Whereas Joe Ford and the polydextrous Steve Berrios – grandfathers both – often seem to represent the youth and fire of the group, pianist Larry Willis and bassist Andy Gonzalez weigh in solidly with traditionalist grace and swinging fortitude. On the album’s many up-tempo pieces, Willis, a band leader in his own right as well as a sought after accompanist, displays an ability to stomp along with the rhythm section on his left hand while painting in highlights of flash and color with his right. Interspersed through Rumba Buhaina, however, are openings and opportunities for Willis to stretch out and explore the dynamic range afforded him by the occasional ballad, particularly on Willis' own “The Day You Said Goodbye,” and “Wildflower,” one of the four Shorter compositions on the album. Willis' delicate, floral playing acts like a cooling tonic to the fierce energy of the group in rumba mode, much like the way akpwons (singers) in Afro-Cuban religious ceremonies use “cooling” phrases and songs to placate a possessing deity to release a dancer from its trance-inducing grip.

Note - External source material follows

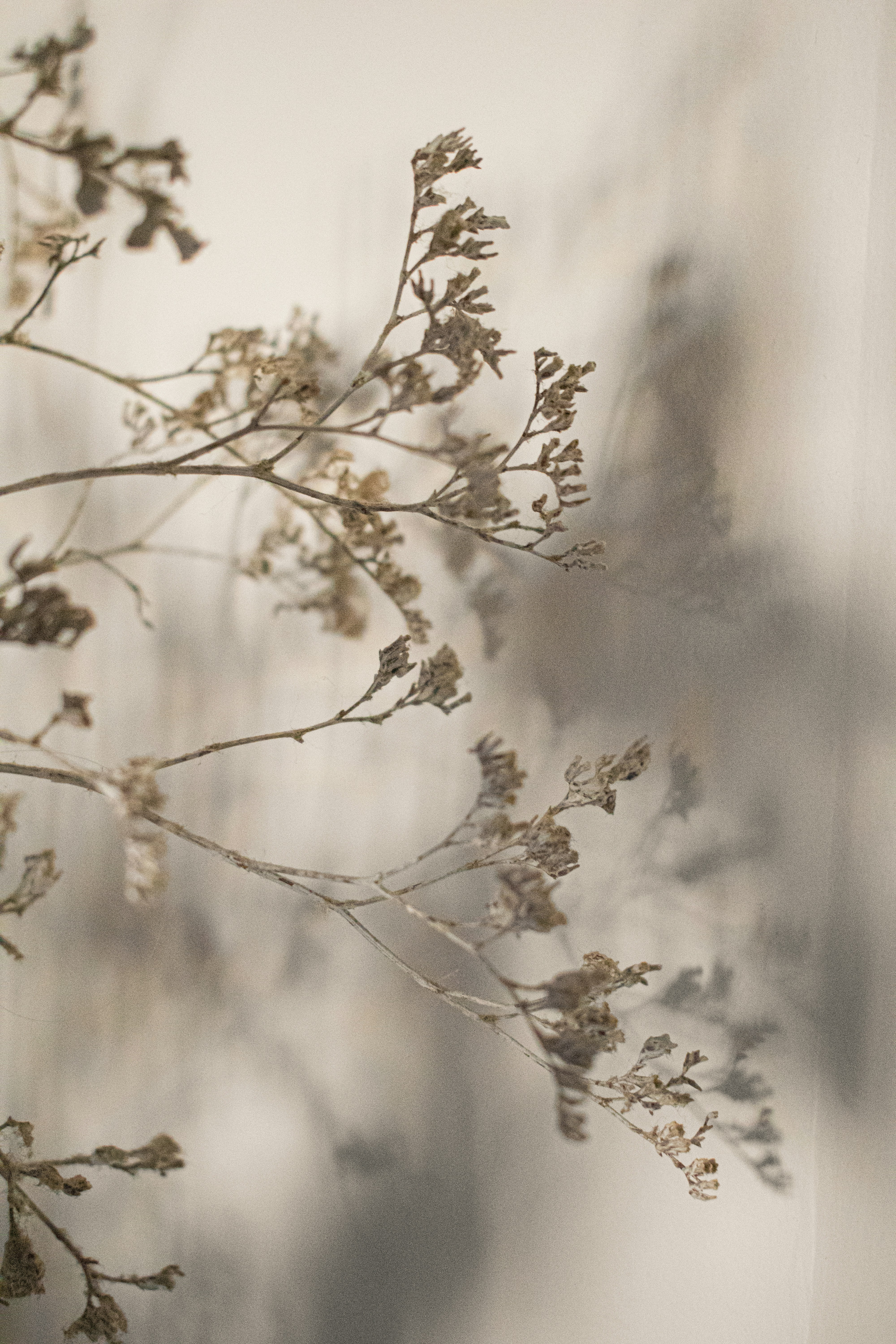 Photo by lorena_preda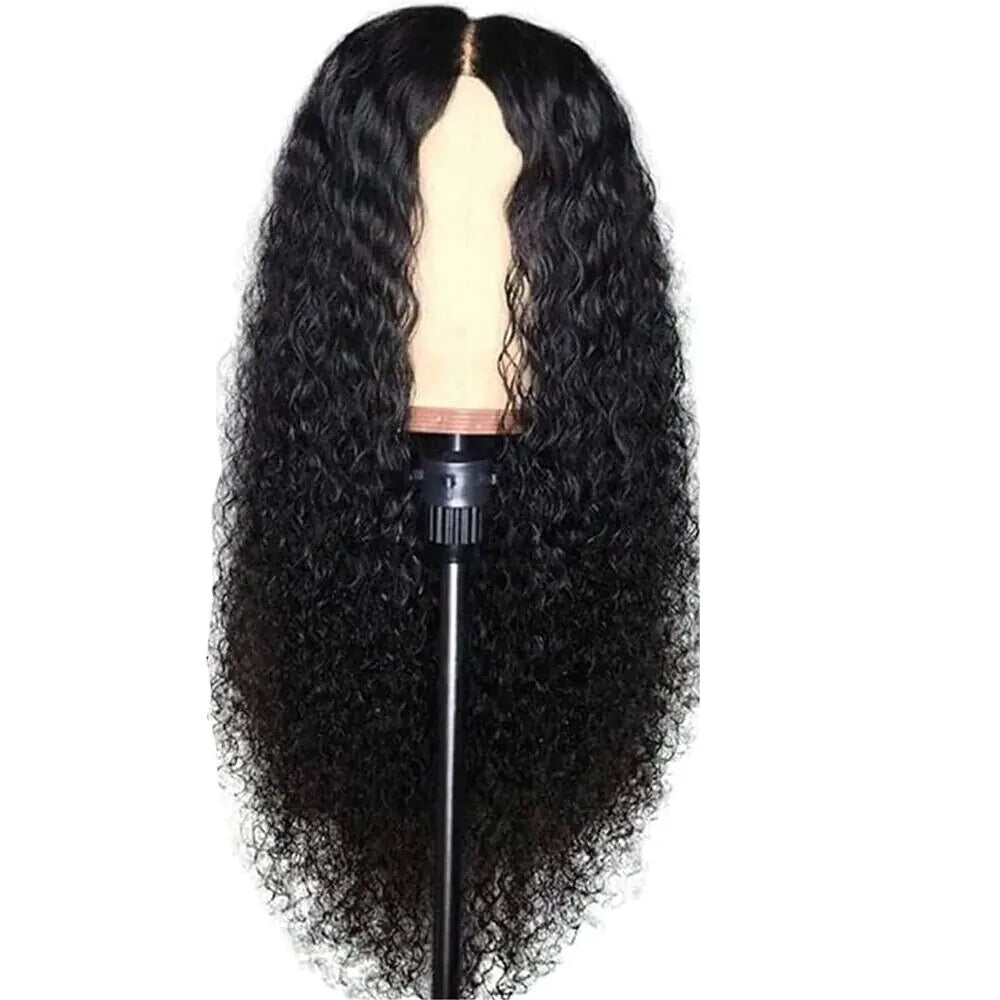 Women's Long Curly Brazilian Human Hair Lace Wig (US 2023)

With bassist Andy Gonzalez sitting out the Fort Apache Band's recent live dates, and otherwise relegated to a wheelchair due to diabetes, a non-believer might be tempted to look at this session as a possible swan song for the group's longstanding lineup. While the entire album documents proof to the contrary, two selections in particular stand out as examples as to why Gonzalez (whose accomplishments range from working with Dizzy Gillespie, playing a session powerhouse on countless Fania salsa albums, and co-leading Libre with Manny Oquendo) represents both the quiet wisdom and kinetic rhythmic bedrock of the group. Gonzalez thunders in with authority to introduce Freddie Hubbard's “Crisis,” pushing the band along through the arrangement's mid-tempo head, hard swinging bridge, and into the closing guaguanco finale. On the group's sole collaborative composition “Rumba Buhaina,” a fitting homage to the album's namesake (Blakey took the name Abdullah Ibn Buhaina when he converted to Islam during his stay in West Africa, shortly after World War II), Andy Gonzalez tears through a catalog of bass statements that recalls a solo from Cachao on his best days, but stretches even further to include snippets of oud-like pitch bending, a cavernous contrabass growl, and finally a propulsive tumbao that elicits audible cackling from his band mates before the group leaps into the most energetic playing of the album. On the strength of Andy Gonzalez's bass work alone, evidence abounds on Rumba Buhaina that Jerry Gonzalez and the Fort Apache Band have expertly distilled the worldly and muscular spirit of the School of Blakey, but the torrent of groove and energy within suggests that this is far from the group's last excursion.